Adding more to this regime would just be yet more performative nonsense to make some people feel good about themselves. We need far less of that in this world.


https://www.justice.gov/usao-edtx/pr/importer-agrees-pay-798...

https://www.justice.gov/opa/pr/ford-motor-company-agrees-pay...

https://www.justice.gov/usao-sdny/pr/us-attorney-announces-2...

https://www.justice.gov/usao-sdfl/pr/us-attorney-lapointe-an...

https://www.justice.gov/usao-sdny/pr/us-attorney-announces-1...

Now if you're just arguing the penalties need to be stiffer: sure!

But on a cursory search, I don't believe it's fair at all to say we've done "close to nothing" or there's "next to zero enforcement action" or regulators "do utterly nothing" or it's "performative nonsense".

What evidence do you have to back up your claims?
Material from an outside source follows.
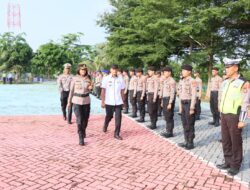 Polres Pesawaran Kerahkan Ratusan Tim Gabungan Operasi Ketupat 2024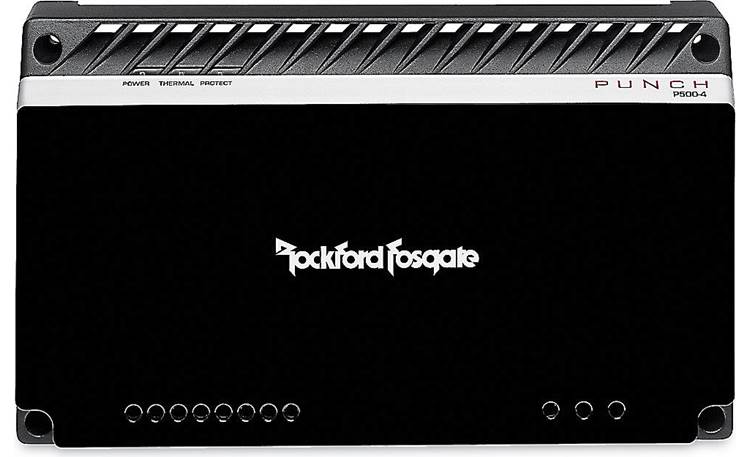 Rockford Fosgate Punch P500-4 4-channel car amplifier — 60 watts RMS x 4 at  Crutchfield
It seems like perhaps you've actually brought a ready-to-prosecute case forward? Curious to learn!


I quickly scanned all those examples, and it doesn't appear a single one had to do with laundering country of origin? That's specifically what I mean - not just fining US companies for trying to under report custom values, which seems to be the bulk of those cases and is nothing new.

https://www.npr.org/transcripts/1197961495 I think is the best quick example of the problem I am talking about here. Outright actual fraud by foreign companies laundering country of origin through intermediary countries. There is next to zero enforcement on this considering how rampant it is. There seems to be very little interest in doing any sort of "hard" prosecution on this problem - likely because it is complex and difficult to investigate appropriately.

I consider it rampant and enforcement a joke since I have spoken to vendors about past and future potentially tariffs and they are completely unconcerned by them. Minor cost of doing business increase to have products shipped through an intermediary company and relabeled. Maybe some quick final assembly if they really are trying to play the game.

I think current enforcement works okayish for folks trying to push the limits. It seems to fall over on outright fraud imposed by bad actors.


This is a great and thoughtful response! Thank you for writing it up. I imagine it is fairly hard to catch (and/or prove) the origin laundering you’re talking about

Another way to look at is the USA is overdeveloped that we have a duty to make everything as advanced as possible. Which raises the sophistication of other nations.